Over 60 pounds lost in 2009 and a lot of that hard work undone. I want to lose 26 pounds. That is my target. I have done it before. I can do it again. For some reason, I feel it will be harder. The target date is my 40th birthday - April 6th. Ambitious? Yes. Achievable? With hard work...yes.
The other notable difference was the fact that one slice of bread was put in the toaster. It looked lonely, almost apologetic. It would normally have a companion. But not now and not for the immediate future.
It is not the day for walking. Rain showers and a howling gale. Always made worse by our coastal location. I haven't given up hope of going out for 20-30 minutes after dinner. Dinner looks like being chicken tacos (it will certainly be a chicken - I roasted one this morning). Lunch was homemade chicken and vegetable soup (another two portions await).
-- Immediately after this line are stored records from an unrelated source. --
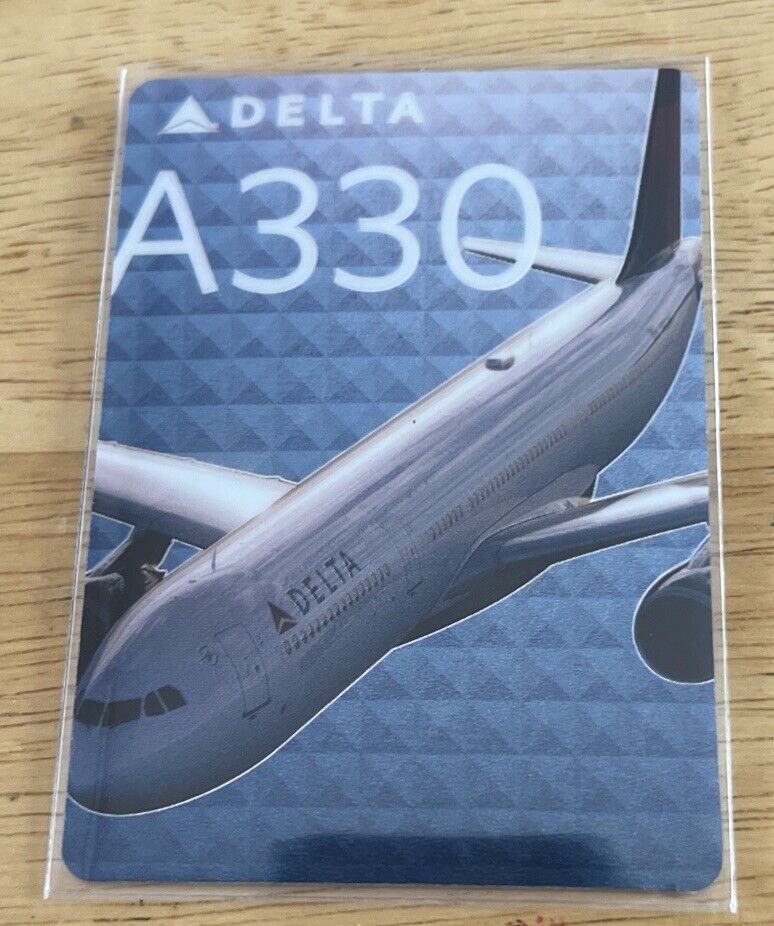 2016 Delta Air Lines Airbus A330-300 Aircraft Pilot Trading Card #47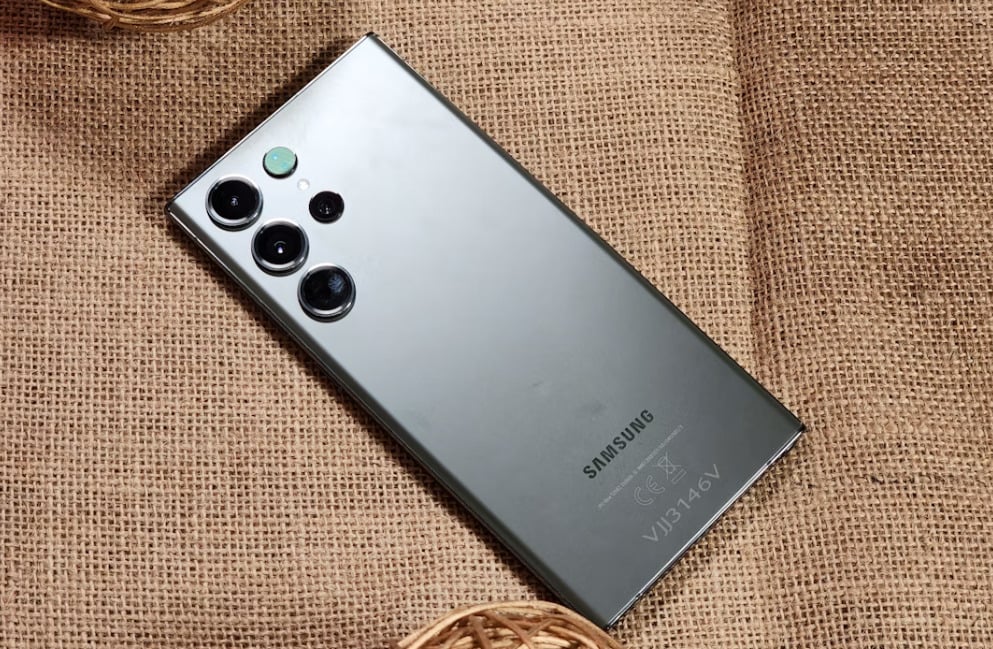 三星手機調整日曆設定教學：同步Google帳號、顯示農曆與天氣。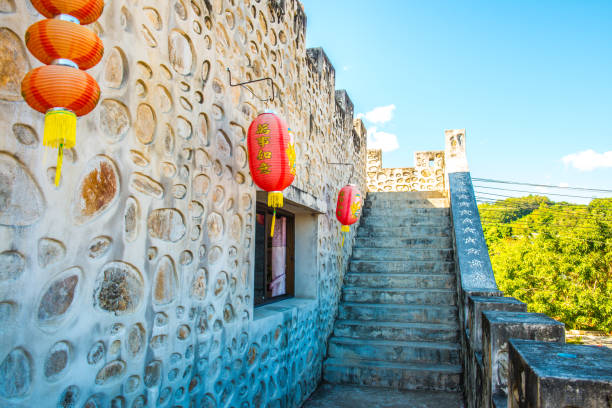 chinese style door frame with stair at santichon village - chinese wall imagens e fotografias de stock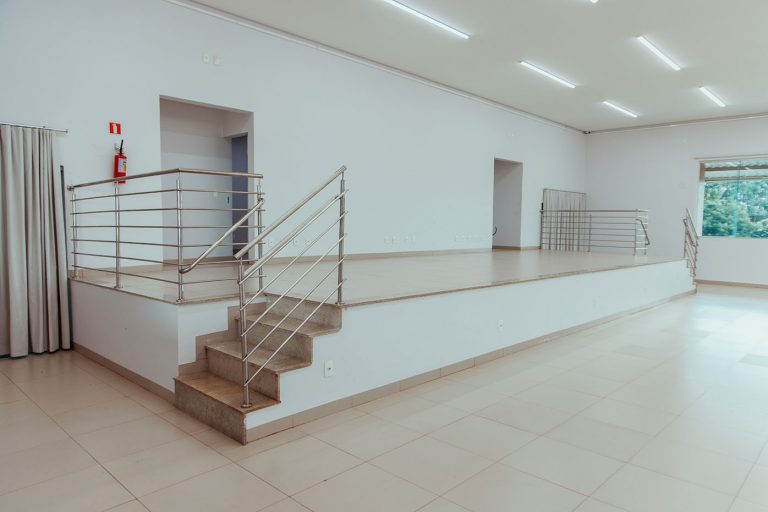 salao_festa_vista_palco_lateral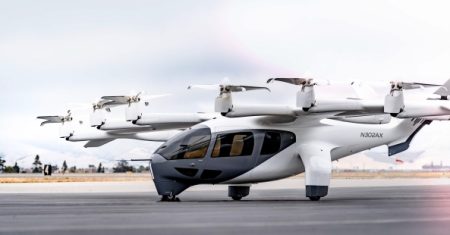 定員5人の「空飛ぶクルマ」を大阪・関西万博に展示、2026年に実証運航を目指す米国製“Midnight”：ドローン - BUILT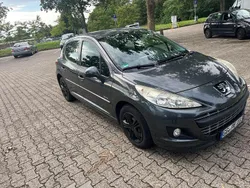 Grau Gebraucht 2012 Peugeot 207 Forever Limousine | 6.300 € (Etwas zu teuer)
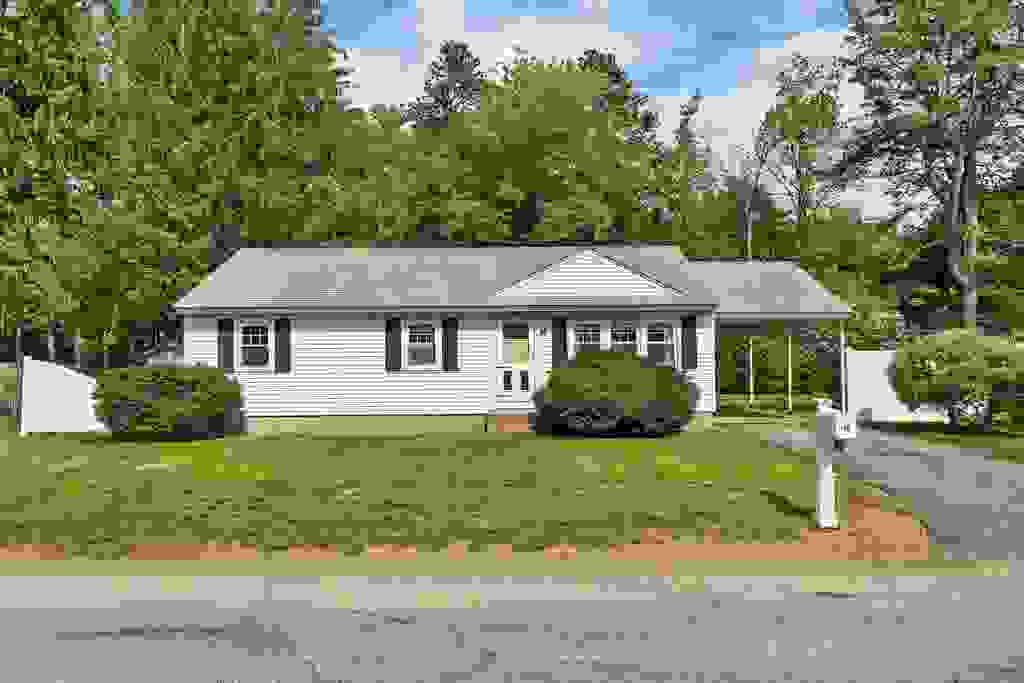 Photo of 10 Guay Street, Concord, NH 03301 (MLS # 5091980)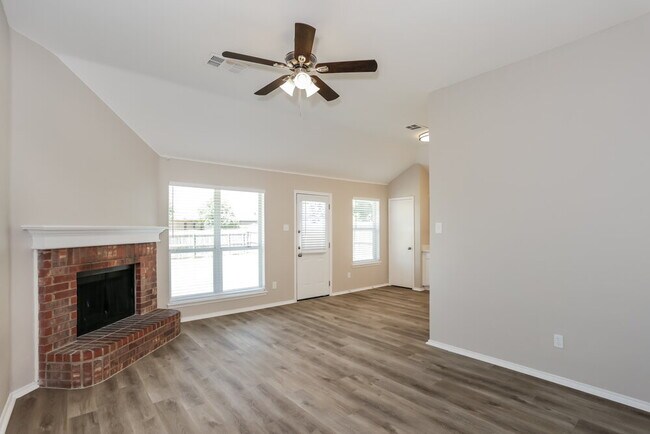 Building Photo - 1213 Crooked Creek Ct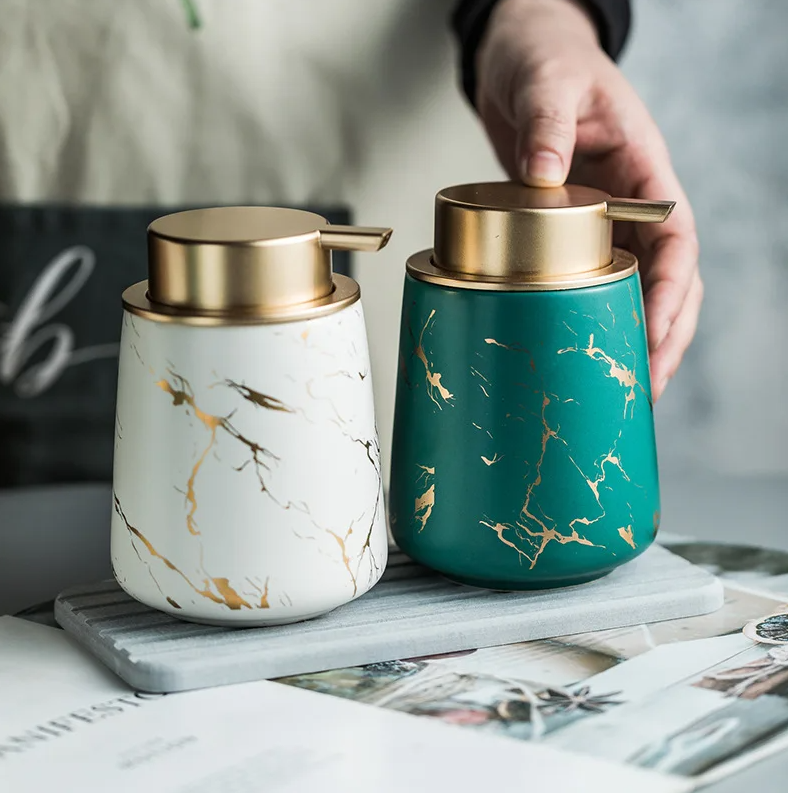 MarbleLux - Elegante dispenser per sapone in ceramica fatto a mano con design moderno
This afternoon I backed up all my files onto the portable hard drive. I would hate to lose all my holiday snaps. So many memories.
This evening? Well two options:
1. Bottle of wine and the option of early evening music or the remainder of Blackadder II (episodes 1-3 last night) and a Bruce Springsteen evening on BBC4...featuring a 1978 concert I haven't seen.
2. Tynemouth with friends. To celebrate Louise's 50th. It is not the weather for going out.
I hear you...both options involving alcohol. Yes, I know. I want to lose weight but if I cut down snacking etc, I need something to look forward to and I do enjoy a relaxing drink at the weekend.
Signing off, this is Jono saying over and out.